===== Given data =====

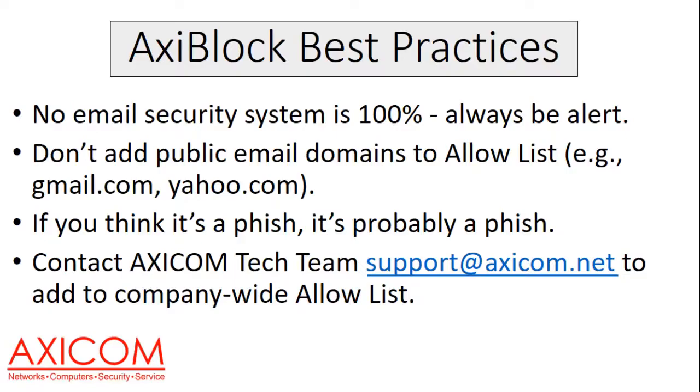Avoid or don't add public email domains to the allow list. In other words, don't add like gmail.com or yahoo.com. Because a lot of spammers and cyber crooks will hijack an email address from those public domains, and you don't want to be exposed to those.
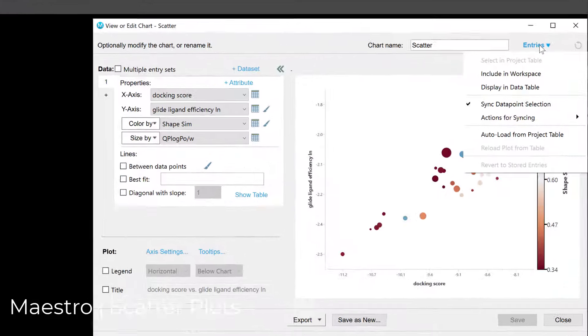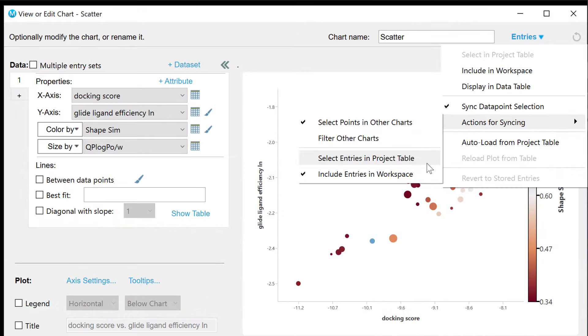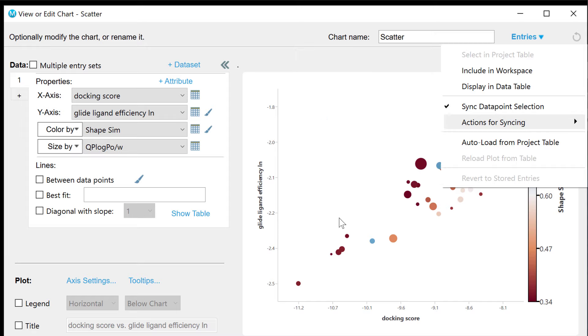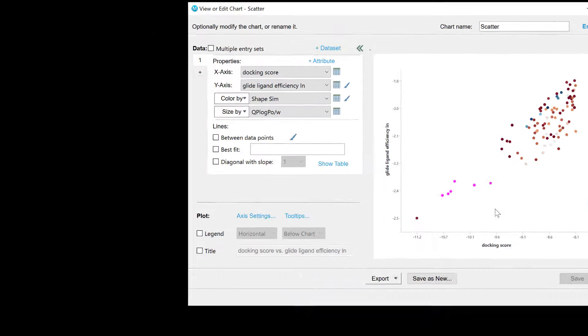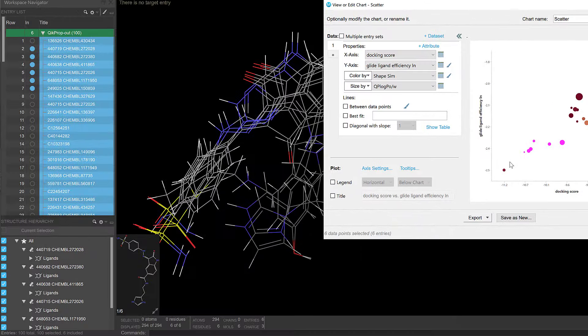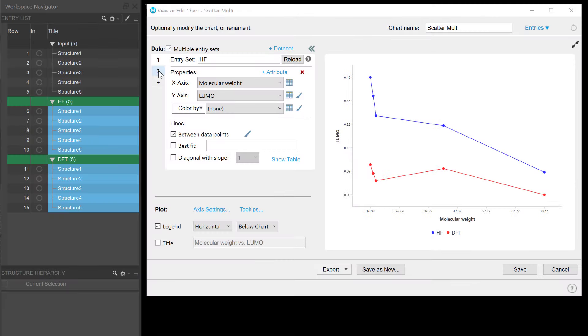In the scatter plots, there is now automatic synchronization between data point selection and project table selections and/or workspace inclusion. And with the new multiple entry set option, one can easily display data from different project table groups in a single scatter plot.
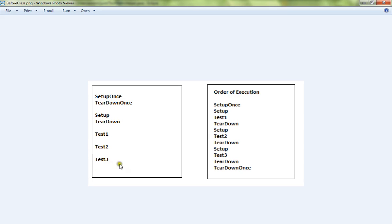If you want to see the order of execution, first setup runs once, then you will call the test methods.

=====

▶ **What to work on**
Retype verbatim only the lines beginning with the line that contains "In the scatter" and ending with the last line of the listing above; pictures are to be excluded.

▶ **Result of the exercise**
In the scatter plots, there is now automatic synchronization between data point selection and project table selections and/or workspace inclusion. And with the new multiple entry set option, one can easily display data from different project table groups in a single scatter plot.
If you want to see the order of execution, first setup runs once, then you will call the test methods.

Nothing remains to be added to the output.